The Ruger LCRx in .38 Special.

The Ruger LCRx in .38 Special.

The innovative LCR design has been a hit with shooters since the original Ruger LCR .38 Special +P was released in 2009. That design was optimized for concealed carry with a five-round cylinder, 1.875-inch barrel and hammerless, double-action-only trigger. Since that time Ruger (ruger.com) has expanded the line by chambering the gun in new calibers and adding new features. The LCRx model added single-action capability by introducing an exposed hammer to the available options but retained the short barrel length.

The author tested the LCRx with .38 Special loads from Hornady.

The author tested the LCRx with .38 Special loads from Hornady.

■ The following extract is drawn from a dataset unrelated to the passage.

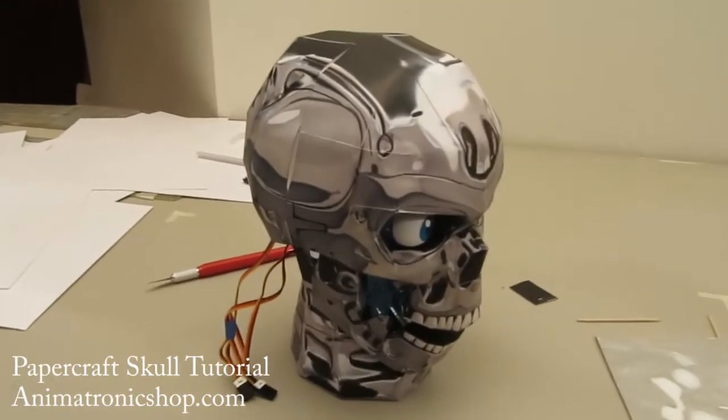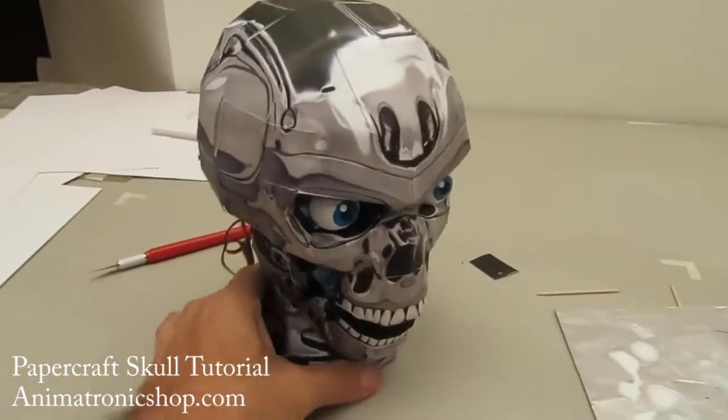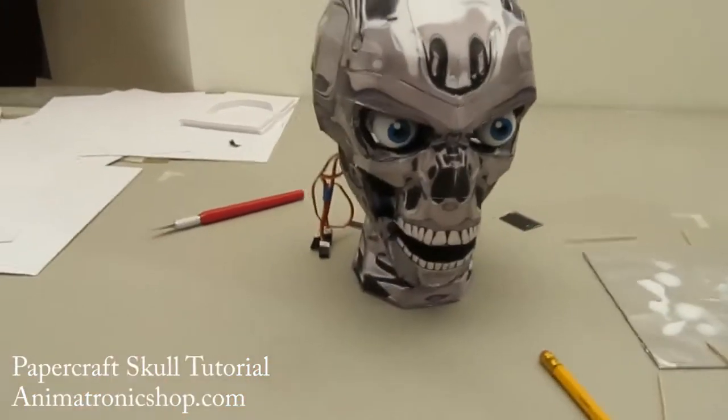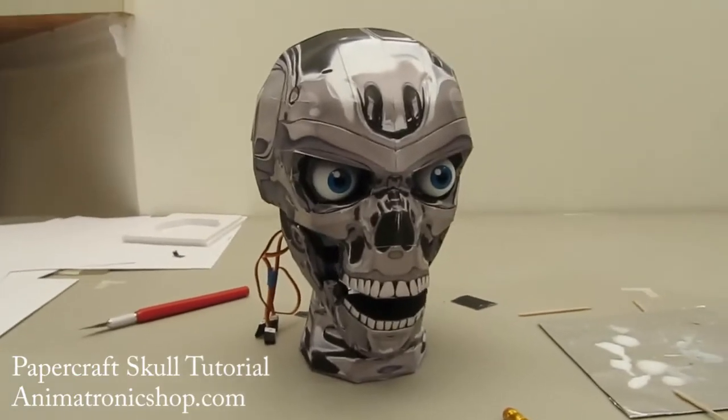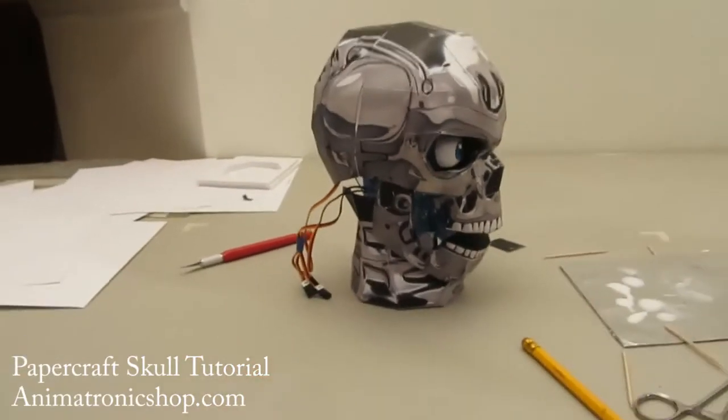This is Pat again from the animatronic shop. We just finished building the bot — I just took the camera off the tripod and there you go. There we have it: the cool chrome paper skull.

In late 2014 Ruger released the LCRx with a 3-inch barrel. This variant is again chambered in .38 Special +P with an exposed hammer that allows both double-action and single-action activation. The 3-inch tube has a full-length rib and fulllength underlug. The black rear sight is adjustable for both elevation and windage. The serrated front sight features a white square to aid in sight acquisition. The sight is pinned to the barrel and can be easily removed and replaced with one of the other front sight options available from Ruger. The package is completed with the installation of a full-size Hogue Tamer grip in place of the shorter grips on the previous models.

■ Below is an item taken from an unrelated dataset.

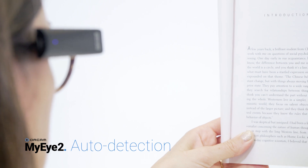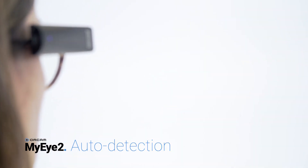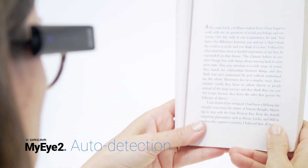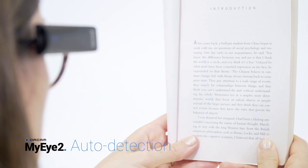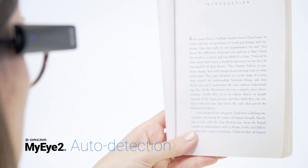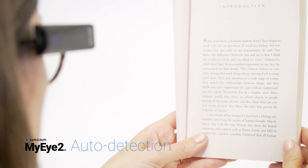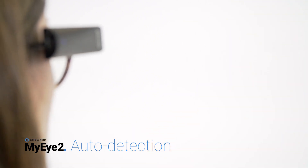Automatic page detection: use this when you wish to read hands-free. Ensure this feature is enabled. Face the text you wish to read and hold it steady for a few seconds. You will hear the camera sound as the device automatically takes a picture of the text. Your device will begin reading the text and sound a chime when it is finished.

The rest of the gun follows the general LCR pattern: The two main structural components are the aerospace-grade aluminum frame mated to a polymer fire control housing. The lock work includes a patented friction-reducing cam that eliminates stacking and reduces the perceived trigger weight. The stainless-steel cylinder is heavily fluted for weight savings with a durable black Ionbond Diamondblack finish. The push-button cylinder release is in the normal Ruger location on the left side of the frame behind the cylinder.

1701-ruger-lcr-03THE BARREL UTILIZES a stainless-steel liner and aluminum shroud with a polished muzzle. The ejector rod is the same length as on the 2-inch barreled models. The one-piece grip fits onto a shorter grip peg molded as part of the fire control housing. The grip can be removed and replaced by unscrewing a single screw in the butt.

The first thing I noticed about my review model was the size. While the LCR heritage is evident, this is no pocket gun. The extra inch of barrel, full-length rib, and larger sized Hogue grip add enough to the physical envelope to push it into the small side of the medium-frame revolver category.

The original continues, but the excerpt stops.